Unun waits with practised patience, more interested in the narrow street that winds its way up and down from their home. Not cobbled, but the effect is not dissimilar. The street is a corridor – floor, building frontages, and vaulted ceiling all hewn directly from the rock of the spire. The floor’s rock has worn smooth from generations of angled feet; rare are the times in the Rusting Mountains that you are neither going up nor down. It is hard to stand still. Unun wanders, not far, to the windows of the other shops and businesses that crowd the street.
Berklum joins her. He has to turn slightly to avoid colliding with two youngsters coming down at pace – the street not wide enough for three.
‘You’re welcome!’ he calls once they are safely round the bend and away.
He stands beside his daughter, and together, they browse the window of a tailor.
The cuts are unusual. Daring, one might say. The materials he recognises, or at least he tells himself he does. Slipdog hide, tatterwing bat skin, feathers and furs from the Mountains. But looking deeper into the window reveals the Union in panels, linings, collars and cuffs. Colours made from the grinding of Torn beetles. Patterns that could be as easily inked on a Casker’s arm as stitched onto a jacket. Hats that only the Perlish would find occasion for. He stares as if it is a travelling exhibit.

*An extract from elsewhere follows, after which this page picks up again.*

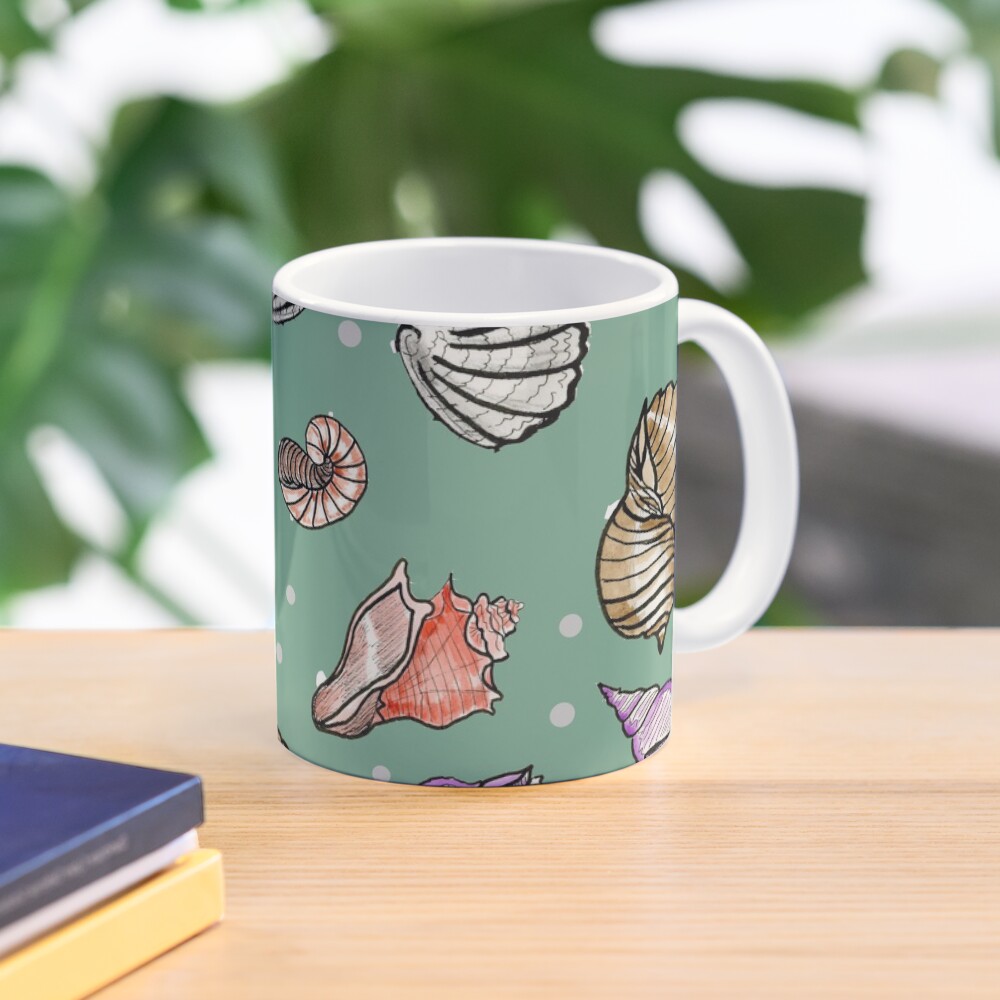 Item preview, Classic Mug designed and sold by anniem49.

They are quiet for a while, thinking.
‘Not just thinking, looking. Properly looking. Why else do we have eyes, as well as ears?’
Unun takes his arm in hers. ‘I don’t know, Palla, why?’

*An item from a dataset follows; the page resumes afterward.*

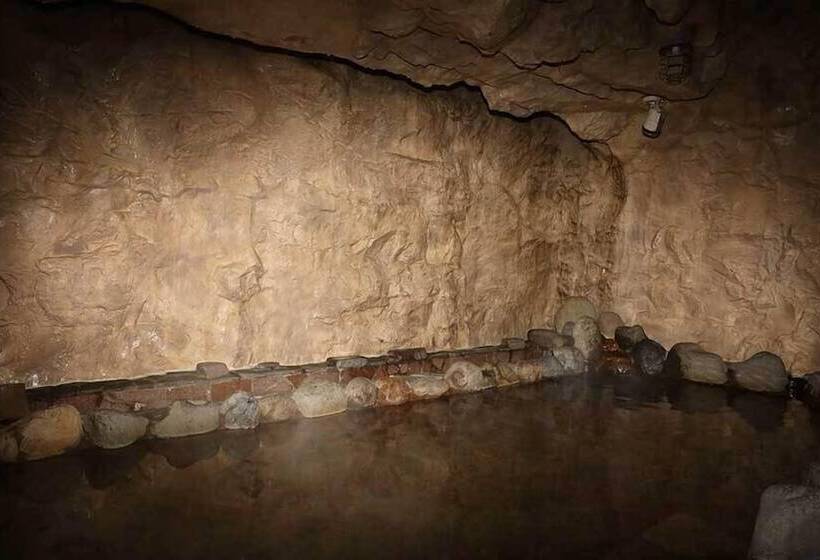 בית מלון כפרי Holiday Plaza Shigakogen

‘Because we’re too foolish to just listen. So we stare, and we talk, and somehow we learn. You can learn from seeing such things.’ He presses a finger against the imperfect glass. ‘See there? Who cuts a cloak so slim? What would that do to someone standing alone on the mesa?’
‘Do?’
‘Exactly. Without the wearing of it, we cannot know.’

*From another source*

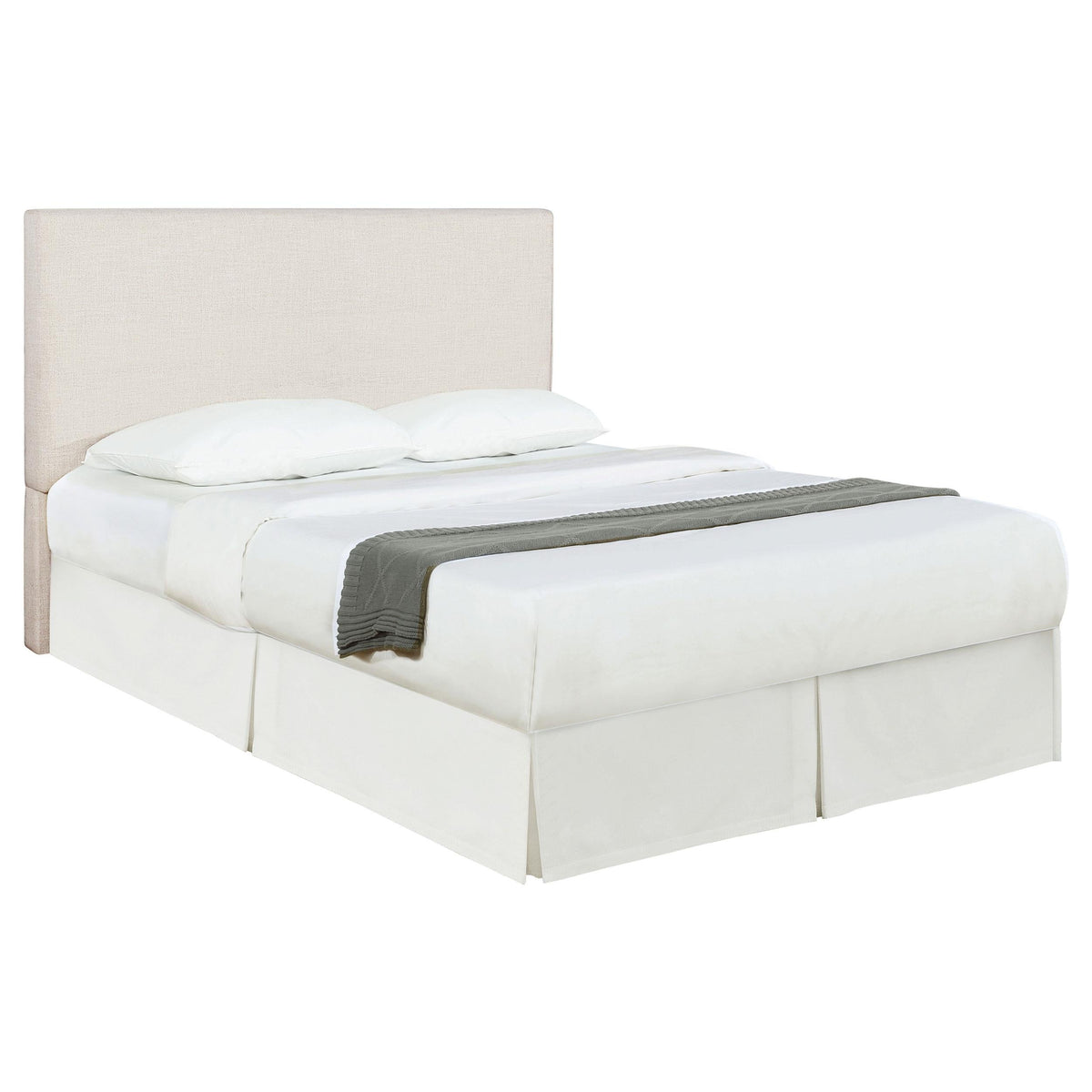 Pirro E King / C King Headboard in Sand - Coaster Furniture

She smiles the smile of the indulgent. Because that is easier, and Unun’s time is hard enough. Arm-in-arm they make their way up the street, stopping to note new arrivals from the more adventurous traders. That trade is a benefit of being on the spire, the closest of the Rusting Mountains to the northern edge of the Tear. That the spire is the end of the mountain chain is the price they pay – getting to the cone is arduous, the mesa near impossible. That the fingers now nestling in Berklum’s pocket were ordered by an individual on the ridge was no coincidence. Commerce can only travel so far, only so fast, along the mountains.